Provided information:
====
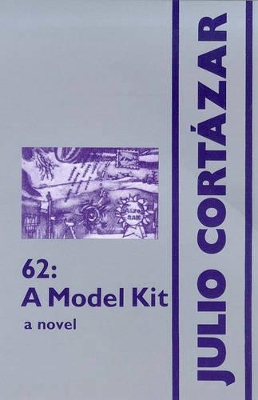 62: A Model Kit by Julio Cortazar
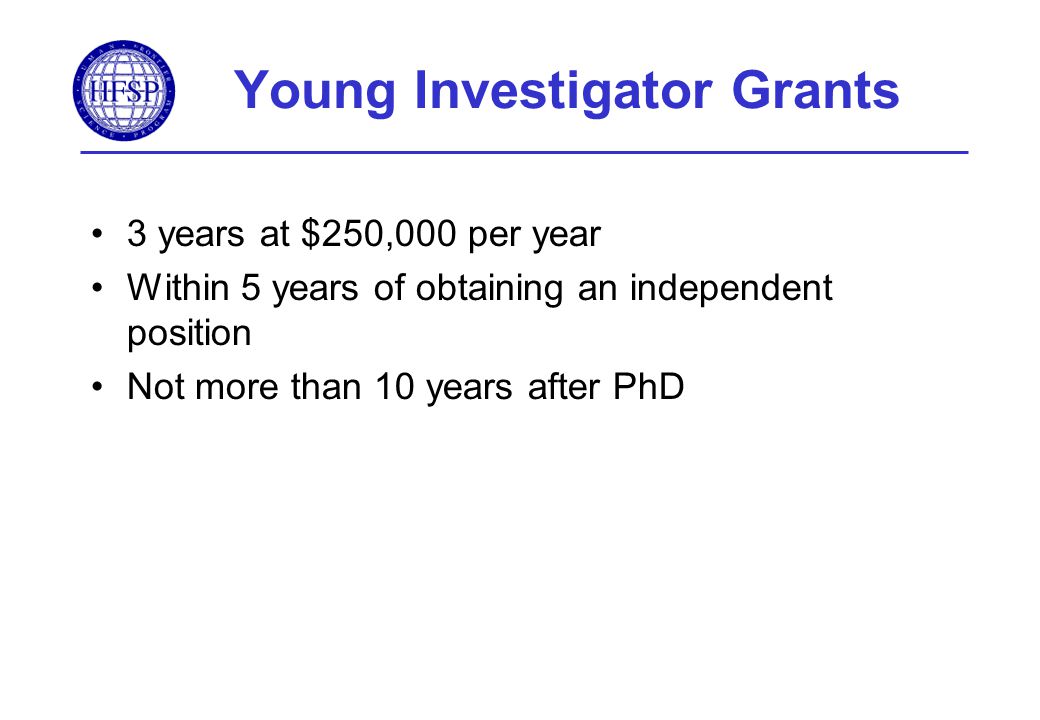 Young Investigator Grants 3 years at $250,000 per year Within 5 years of obtaining an independent position Not more than 10 years after PhD
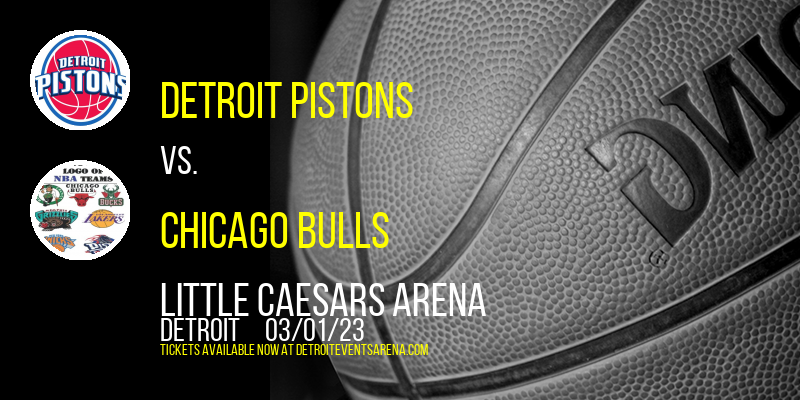 Detroit Pistons vs. Chicago Bulls at Little Caesars Arena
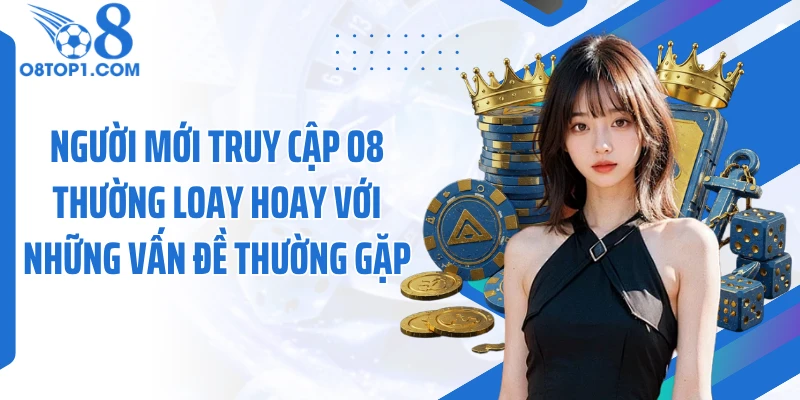 Người mới truy cập O8 thường loay hoay với những vấn đề thường gặp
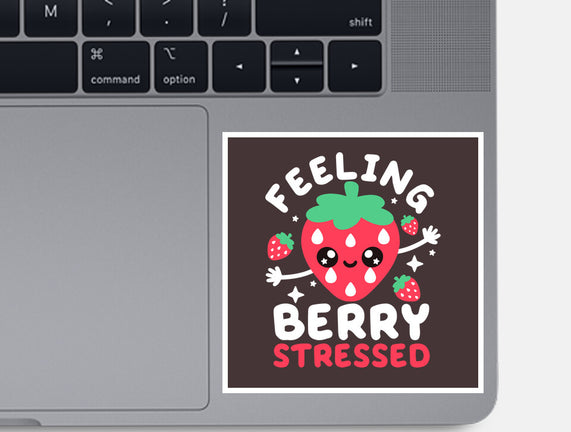 Feeling Berry Stressed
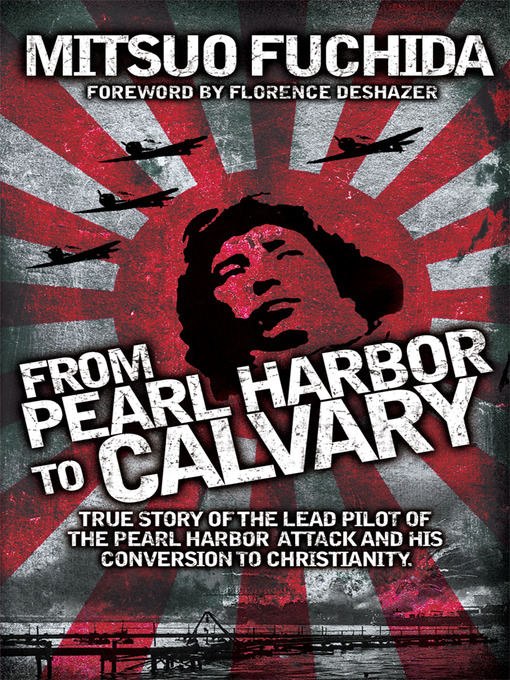 Title details for From Pearl Harbor to Calvary by Mitsuo Fuchida - Available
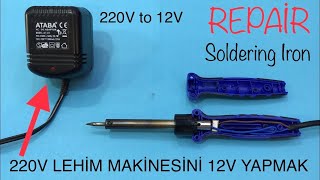 12V LEHİM MAKİNESİ YAPIMI  - 220V ARIZALI HAVYA TAMİRİ - How to repair a soldering iron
====
Task directions:
Only the lines from the one with "Title details for" through the end of the listing should be transcribed, exactly and without pictures.

Result:
 Title details for From Pearl Harbor to Calvary by Mitsuo Fuchida - Available
 12V LEHİM MAKİNESİ YAPIMI  - 220V ARIZALI HAVYA TAMİRİ - How to repair a soldering iron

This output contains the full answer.